Avoid new positions in Spirit Airlines (SAVE) as the company faces a high probability of liquidation or shares becoming worthless following its bankruptcy filing. Investors should instead pivot to legacy carriers like Delta (DAL), United (UAL), and American (AAL), which are consolidating market power through successful "Basic Economy" pricing and high-margin loyalty programs. The failure of the ultra-low-cost model suggests a broader "budget squeeze," making value-focused stocks like Dollar General (DG) and Frontier (ULCC) high-risk holds in the current inflationary environment. Monitor potential government intervention or a Trump administration bailout of SAVE assets, which could provide a speculative floor for the airline's physical fleet and routes. Expect industry-wide ticket price increases if Spirit exits the market, further benefiting the profit margins of established legacy airlines.

Detailed Analysis

This analysis explores the current financial distress of Spirit Airlines, the evolution of the "Ultra-Low-Cost Carrier" (ULCC) model, and the broader shifts within the aviation industry.


Spirit Airlines (SAVE)

Spirit Airlines, once the fastest-growing airline in the U.S., is currently facing severe financial instability, having filed for bankruptcy and now facing the possibility of liquidation or a government-led bailout.

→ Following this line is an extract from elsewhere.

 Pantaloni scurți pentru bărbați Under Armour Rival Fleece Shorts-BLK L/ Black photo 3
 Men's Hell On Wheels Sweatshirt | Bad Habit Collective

  • The "Dollar General" Model: Historically, Spirit operated as a "no-frills" carrier, unbundling every service (water, carry-ons, seat assignments) to offer the lowest possible base fare.
  • Current Financial Distress: The company is struggling with rising fuel costs, high labor costs (pilot shortages), and a heavy debt load.
  • Potential Government Intervention: There is active discussion regarding a federal bailout. The Trump administration has suggested interest in taking a stake in the airline, potentially using its fleet for military transport or cargo, and eventually selling the stake for a profit.
  • M&A Context: A previous merger attempt with JetBlue (JBLU) was blocked by the Department of Justice on antitrust grounds, a decision that some analysts argue contributed to Spirit's current path toward liquidation.

Takeaways

  • High Risk of Liquidation: Without a successful restructuring or government bailout, the stock faces a high probability of becoming worthless in a liquidation scenario.
  • Asset Value: Despite the bankruptcy, Spirit holds valuable assets, including a fleet of relatively new aircraft and established flight routes that could be attractive to buyers if the company is sold "debt-free" post-bankruptcy.
  • Market Impact: If Spirit disappears, expect upward pressure on ticket prices across the industry, as the primary "price floor" setter for the market would be removed.

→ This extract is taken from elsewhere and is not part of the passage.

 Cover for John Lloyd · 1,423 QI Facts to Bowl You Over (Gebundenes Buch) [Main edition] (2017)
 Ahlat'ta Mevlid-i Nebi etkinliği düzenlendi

Legacy Carriers: Delta (DAL), American (AAL), United (UAL)

The "Big Three" legacy carriers have successfully executed a "revenge" strategy to reclaim market share from budget competitors like Spirit.

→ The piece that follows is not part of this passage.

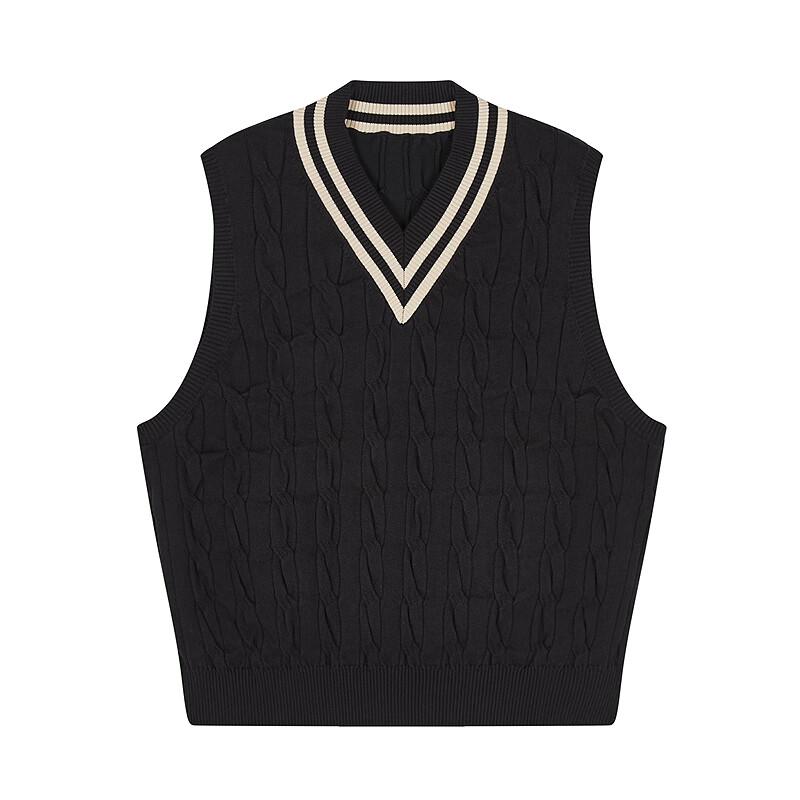 CROQUIS Men's 2025 Spring V-Neck Sweater Vest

  • Basic Economy Strategy: Legacy carriers successfully copied Spirit’s unbundled model by introducing "Basic Economy" tiers. This allowed them to compete on price while maintaining a superior network.
  • Loyalty Program Dominance: Legacy airlines have leveraged their massive scale to create "moats" through frequent flyer programs and co-branded credit cards. These programs incentivize travelers to stay within one ecosystem, making it difficult for smaller budget airlines to lure away repeat customers.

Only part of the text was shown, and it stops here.